Below is a listing to write out in full, exactly as given, without its pictures.

Data shown:
++++++

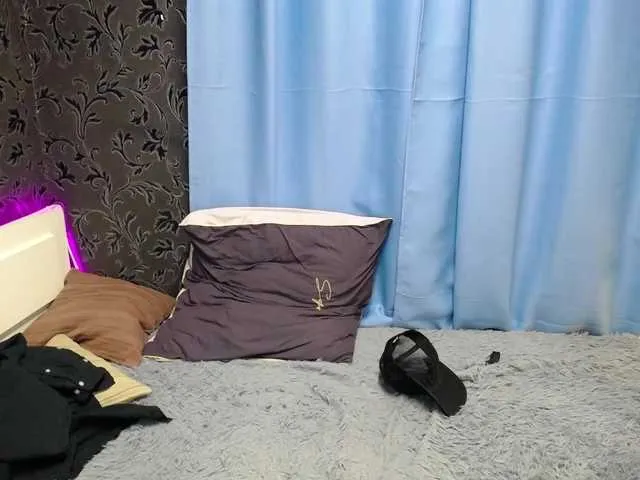 Live sex webcam photo for LushinViz #276782060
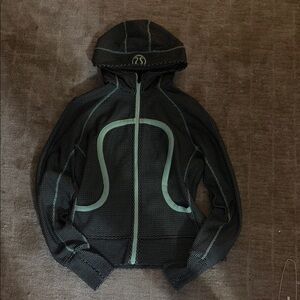Lululemon Black and Green Zip-Up Hoodie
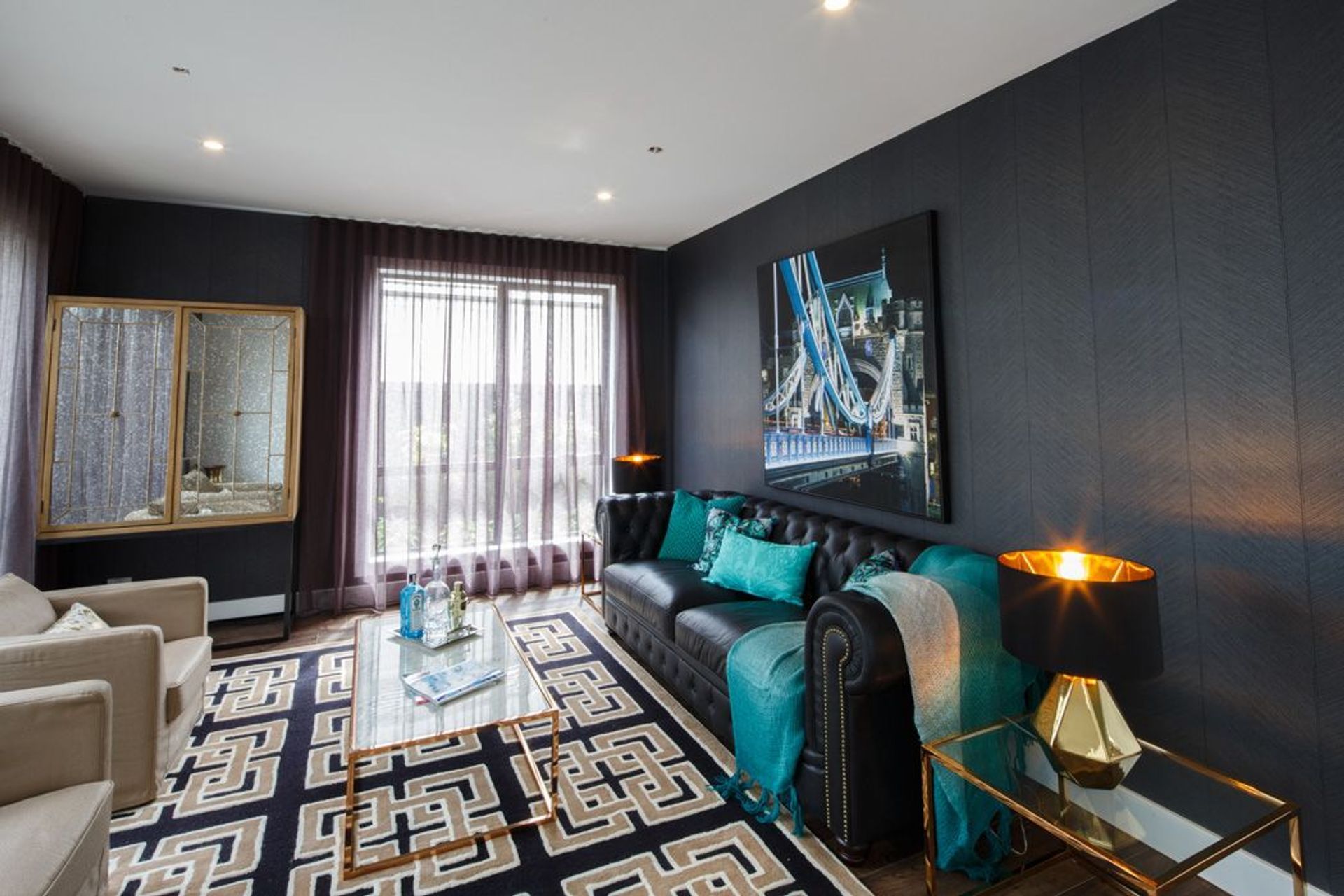 Aria Display Home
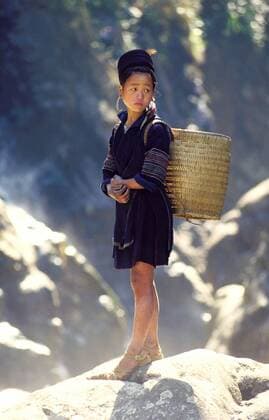 IMAGO Cultures of the world, Schwarze Hmong in Nordvietnam Jun 10, 2005; Cat Cat, VIETNAM; A Black Hmong girl in Cat Cat village. Mandatory  - ZUMAt77_ 20050610_mar_t77_333 Copyright: xFlorisxLeeuwenberg TCSx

++++++

Answer:
 Live sex webcam photo for LushinViz #276782060
Lululemon Black and Green Zip-Up Hoodie
 Aria Display Home
 IMAGO Cultures of the world, Schwarze Hmong in Nordvietnam Jun 10, 2005; Cat Cat, VIETNAM; A Black Hmong girl in Cat Cat village. Mandatory  - ZUMAt77_ 20050610_mar_t77_333 Copyright: xFlorisxLeeuwenberg TCSx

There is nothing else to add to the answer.